*** Opening Stored data ***
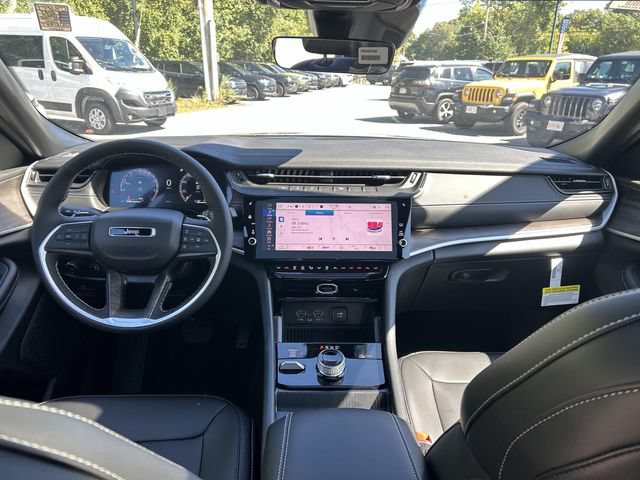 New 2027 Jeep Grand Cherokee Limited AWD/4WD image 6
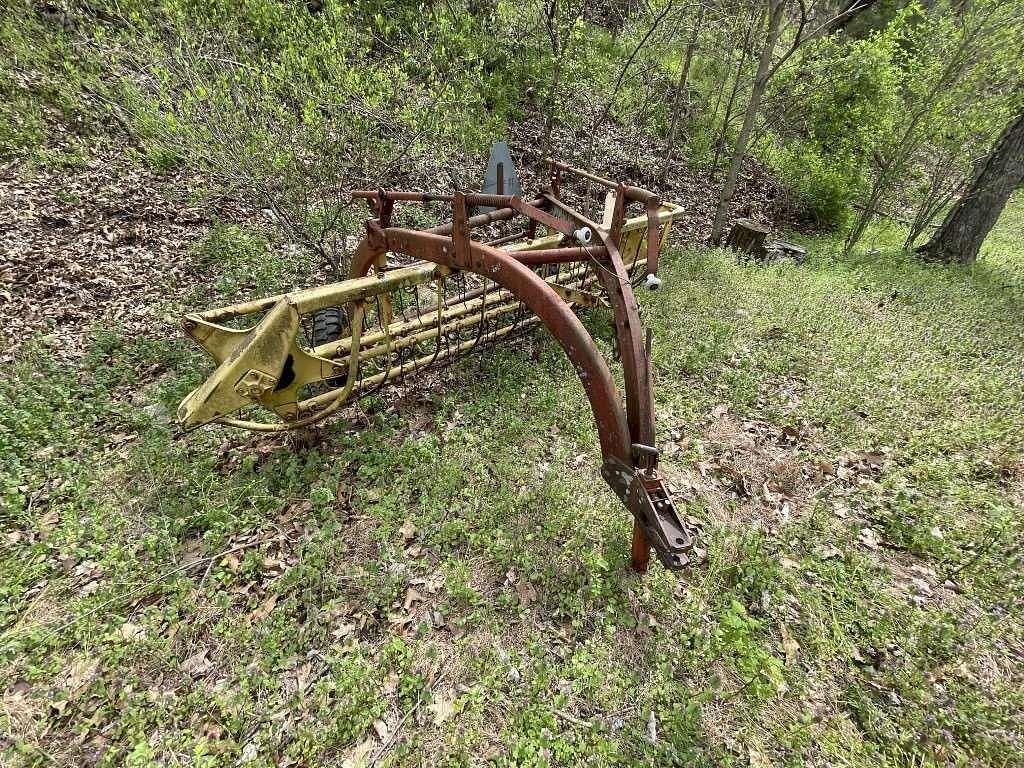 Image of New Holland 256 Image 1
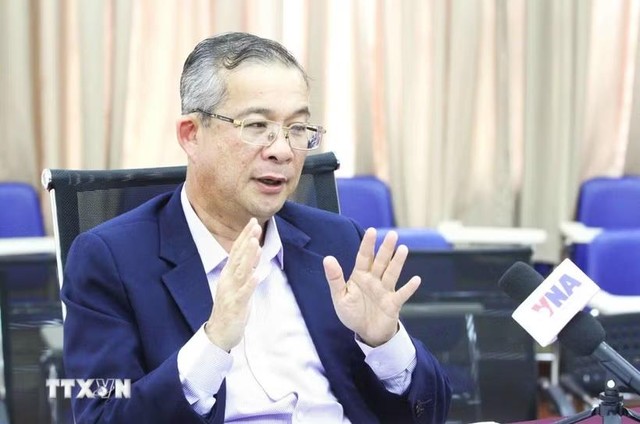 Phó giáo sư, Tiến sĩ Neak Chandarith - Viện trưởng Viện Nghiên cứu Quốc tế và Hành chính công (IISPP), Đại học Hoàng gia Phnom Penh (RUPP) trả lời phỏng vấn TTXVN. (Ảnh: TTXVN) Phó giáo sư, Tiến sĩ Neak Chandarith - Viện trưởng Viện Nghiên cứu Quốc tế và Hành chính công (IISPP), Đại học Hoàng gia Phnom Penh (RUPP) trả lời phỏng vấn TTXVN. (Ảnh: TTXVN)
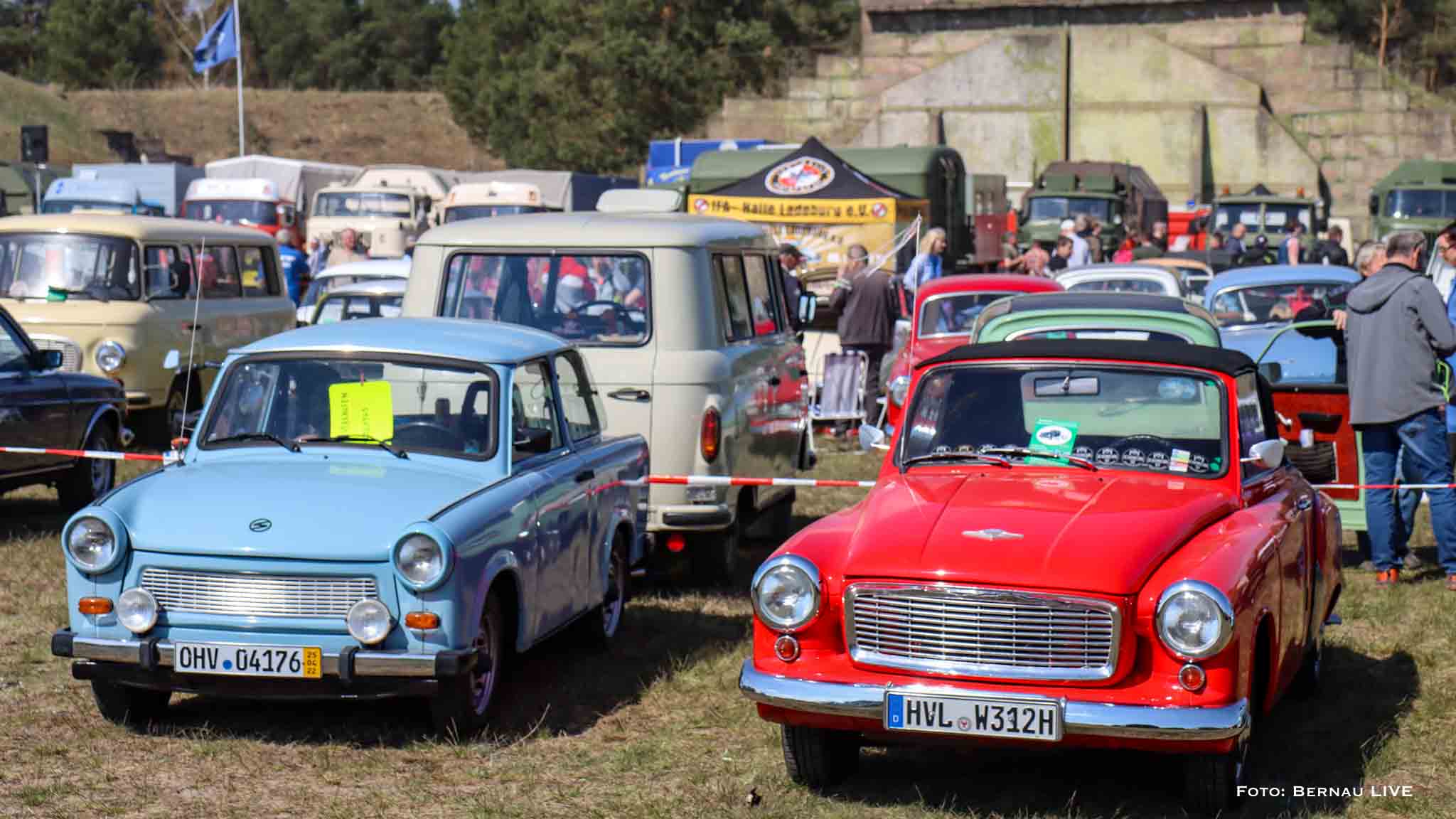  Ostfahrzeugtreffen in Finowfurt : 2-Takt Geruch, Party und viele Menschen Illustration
*** Closing Stored data ***
■ Exercise objective
Return the material exactly as it reads, though without the pictures it holds.

■ Task response
 New 2027 Jeep Grand Cherokee Limited AWD/4WD image 6
 Image of New Holland 256 Image 1
 Phó giáo sư, Tiến sĩ Neak Chandarith - Viện trưởng Viện Nghiên cứu Quốc tế và Hành chính công (IISPP), Đại học Hoàng gia Phnom Penh (RUPP) trả lời phỏng vấn TTXVN. (Ảnh: TTXVN) Phó giáo sư, Tiến sĩ Neak Chandarith - Viện trưởng Viện Nghiên cứu Quốc tế và Hành chính công (IISPP), Đại học Hoàng gia Phnom Penh (RUPP) trả lời phỏng vấn TTXVN. (Ảnh: TTXVN)
  Ostfahrzeugtreffen in Finowfurt : 2-Takt Geruch, Party und viele Menschen Illustration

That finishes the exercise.